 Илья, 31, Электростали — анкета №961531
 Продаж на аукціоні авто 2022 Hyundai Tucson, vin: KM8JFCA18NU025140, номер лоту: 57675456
--
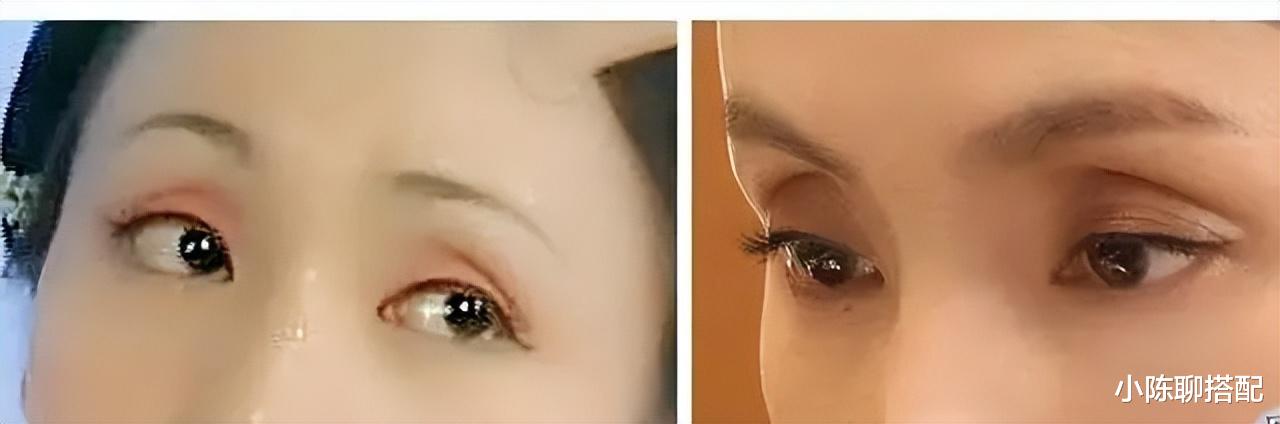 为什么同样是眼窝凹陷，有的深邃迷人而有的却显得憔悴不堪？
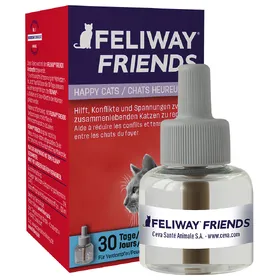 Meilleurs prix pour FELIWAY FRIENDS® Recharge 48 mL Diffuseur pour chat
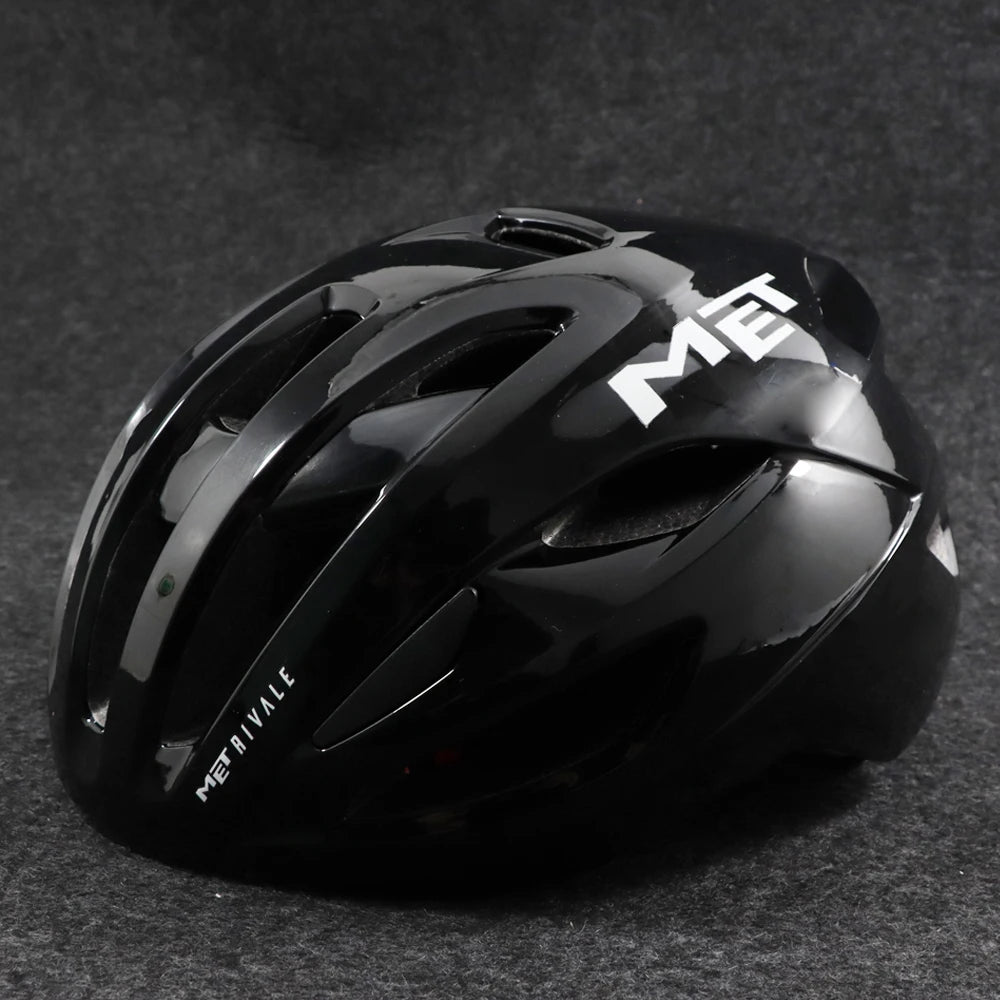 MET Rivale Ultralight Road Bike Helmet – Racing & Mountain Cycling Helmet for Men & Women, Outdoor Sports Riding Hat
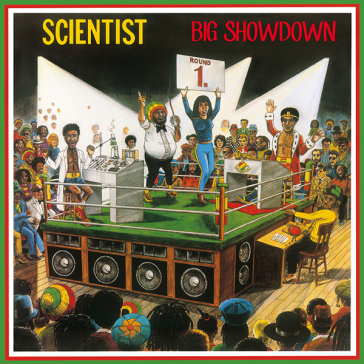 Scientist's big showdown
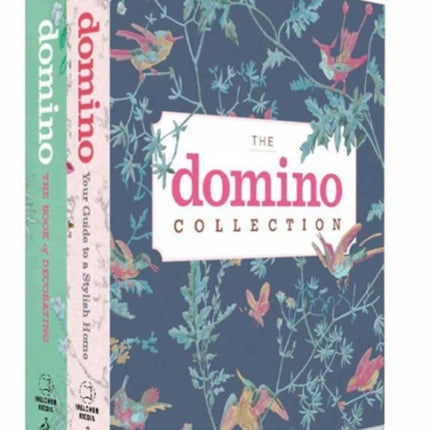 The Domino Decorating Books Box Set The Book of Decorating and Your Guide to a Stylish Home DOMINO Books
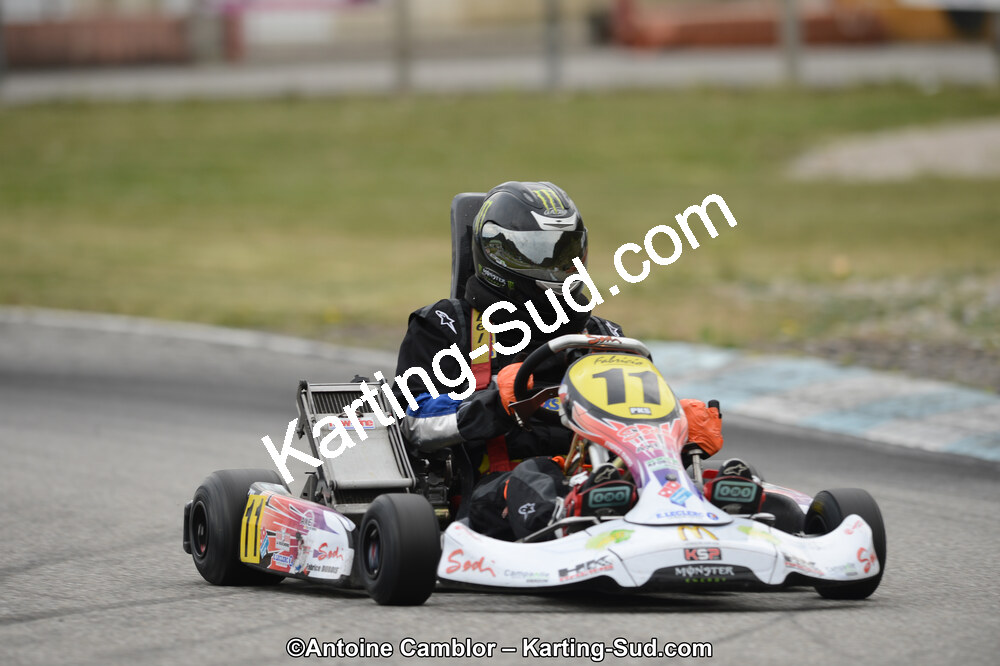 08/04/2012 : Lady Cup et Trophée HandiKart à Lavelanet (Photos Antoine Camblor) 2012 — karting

TASK TO CARRY OUT: Although the records above contain pictures, the copy should not; retype exactly the lines from the one containing "MET Rivale Ultralight" through the one containing "The Domino Decorating".

OUTPUT FOR THIS EXERCISE:
 MET Rivale Ultralight Road Bike Helmet – Racing & Mountain Cycling Helmet for Men & Women, Outdoor Sports Riding Hat
 Scientist's big showdown
 The Domino Decorating Books Box Set The Book of Decorating and Your Guide to a Stylish Home DOMINO Books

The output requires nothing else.